JEFFERSONVILLE — When Bluegrass Supply Chain Services’ was awarded a contract with Ford Motor Co., it was clear that they needed a new facility. The Bowling Green, Kentucky-based business chose to bring their 50 new jobs to Jeffersonville.
Then, when the company recently learned that its required launch date had moved up and it no longer had time to construct a brand new building within the city’s Bridgeport Business Center, the business, once again, chose Jeffersonville.
Robert Teixera, Bluegrass Supply’s vice president of project development, said that the company had better luck finding workers at its Jeffersonville facility than it had in Bullitt County, Ky., where Bluegrass Supply has another location. The company currently employs 14 people at a location along Patrol Road in River Ridge Commerce Center.
Plus, the business park, where Bluegrass Supply is also opening its new building, has direct access to highways, which is particularly important to a third-party logistics company, Teixera said.
In December, Bluegrass Supply will launch operations at its new, 252,515-square foot building, leased from America Place, at 350 Salem Road— another River Ridge facility. That’s 10 months before the project was originally supposed to start.
Bluegrass Supply’s contract with Ford is to pack and ship electronic components to the automotive company’s factories. Workers at the new facility will perform warehousing and sequencing services.
In the beginning, Bluegrass Supply will employ 10 more people in Jeffersonville, but by April, the company plans to have hired 50, which is 20 less than the company said in February that it originally intended to employ. The jobs are expected to pay an average of $19.70 an hour.
Bluegrass Supply’s operations carry with them a chance for expansion within Jeffersonville in the future, or at least the goal of one, said Teixera.
As much as the company likes Jeffersonville, the city seems to be just as appreciative of Bluegrass Supply.
Mayor Mike Moore said he is proud that the company has chosen to stay within his city, especially when Jeffersonville is in competition with other locations across the region and the world.
“I think it speaks a lot about everything we’ve done, a lot of the fine improvements we’ve made, a lot of the quality of life issues we’ve responded to,” he said.

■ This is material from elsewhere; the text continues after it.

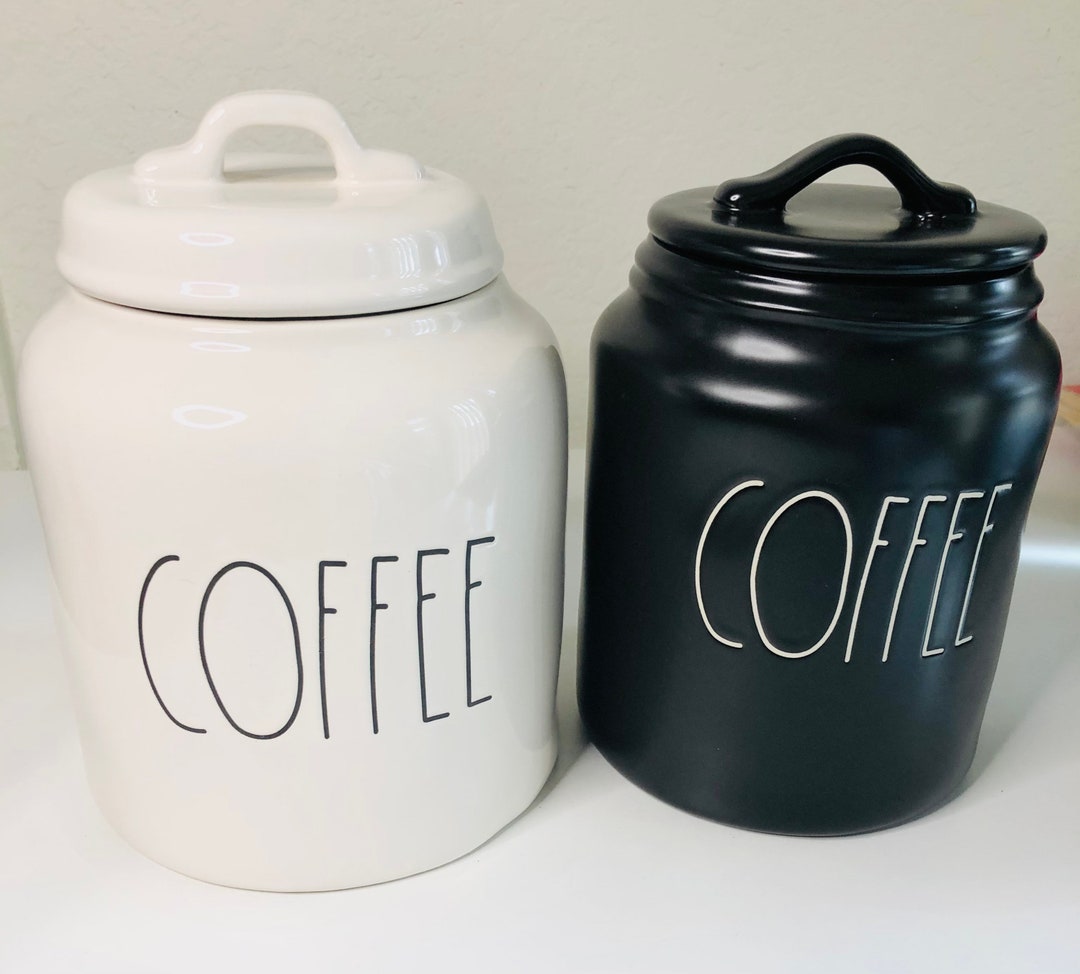 Rae Dunn Coffee Canister Black and White.gift for Christmas. Etsy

River Ridge Commerce Center, especially, has seen a lot of action recently. Niagara, a bottling company, announced in July that it would be investing $56 million into a new facility within the business and industrial park, and earlier this week, the commerce center announced that it had started negotiations regarding three land deals that, if finalized, would take out 65 acres of the 6,000-acre commerce center.
Moore is especially happy that Bluegrass Supply will pay above market wages. He no longer wants Jeffersonville to pursue companies paying $10 to $12 an hour.

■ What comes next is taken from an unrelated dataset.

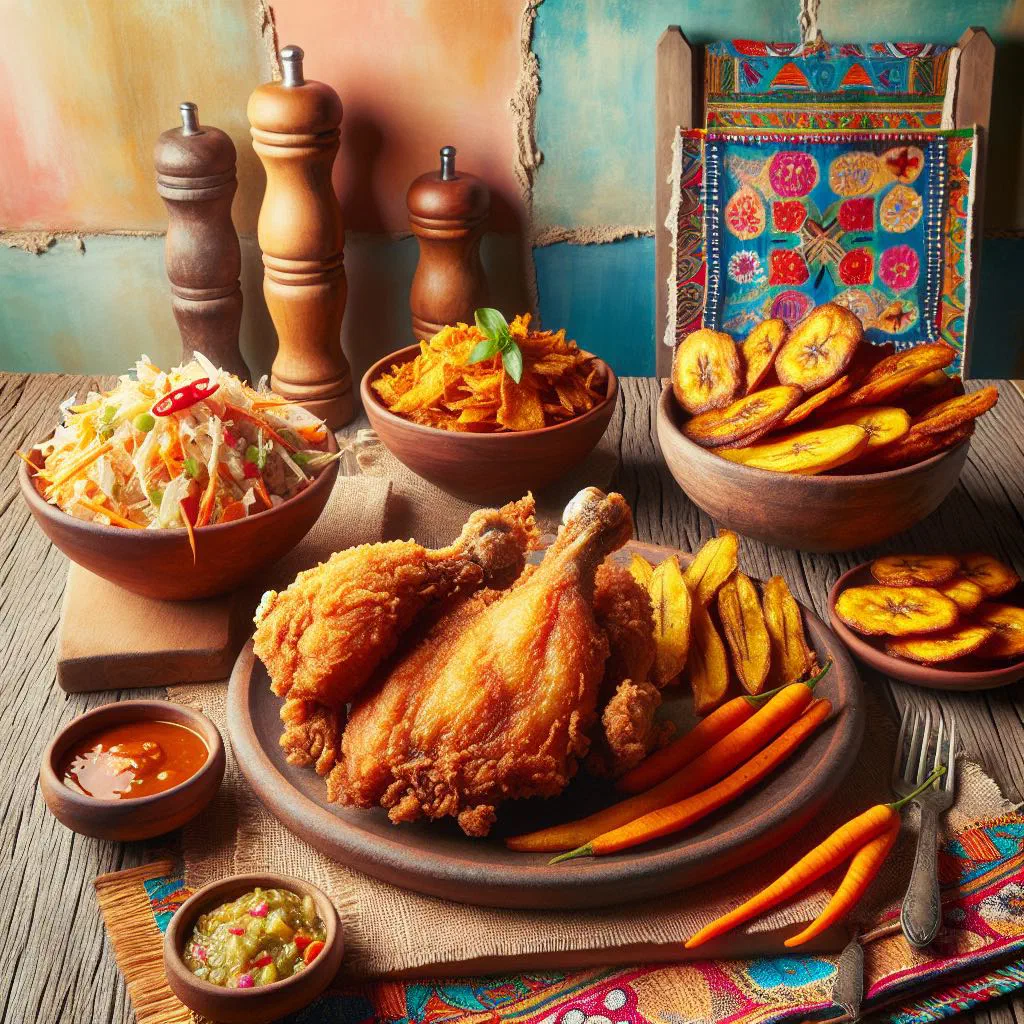 Crispy Haitian fried chicken served with golden fried plantains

The city originally approved tax abatements for Bluegrass Supply, but those are not applicable now that the company is no longer building at Bridgeport. The River Ridge Commerce Center offers its own incentives to businesses.
It’s not clear yet if the state will supply its own incentives to Bluegrass Supply. Abby Gras, a spokesperson for the Indiana Economic Development Corporation said, that if the state is negotiating with the company, it won’t be known until the project is further along.

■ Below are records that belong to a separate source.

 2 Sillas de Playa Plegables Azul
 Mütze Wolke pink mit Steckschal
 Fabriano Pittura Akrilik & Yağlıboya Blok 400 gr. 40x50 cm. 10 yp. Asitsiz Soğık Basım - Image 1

Taylor King, the director of leasing and marketing for America Place, is just as happy as Moore about Bluegrass Supply’s chosen location.
America Place’s Salem Road facility has been ready for a tenant since December of 2015.
“We’re obviously very excited,” said King about finally leasing the building, which is being done on a seven-year contract. “We think that Bluegrass is a fantastic fit for us.”
Bluegrass Supply had four possible relocation options after its Bridgeport plans fell through, said Teixera, but the company chose America Place for its location and its cost. The new building is mostly warehouse space with under 5,000-square feet for offices, according to King. There is no room for expansion at the facility so any physical growth needed by Bluegrass Supply would have to occur at a different site.
In a statement, America Place CEO Jim Karp, called Bluegrass Supply an “excellent company” that has seen “steady and sustainable growth.” The company opened in 2002.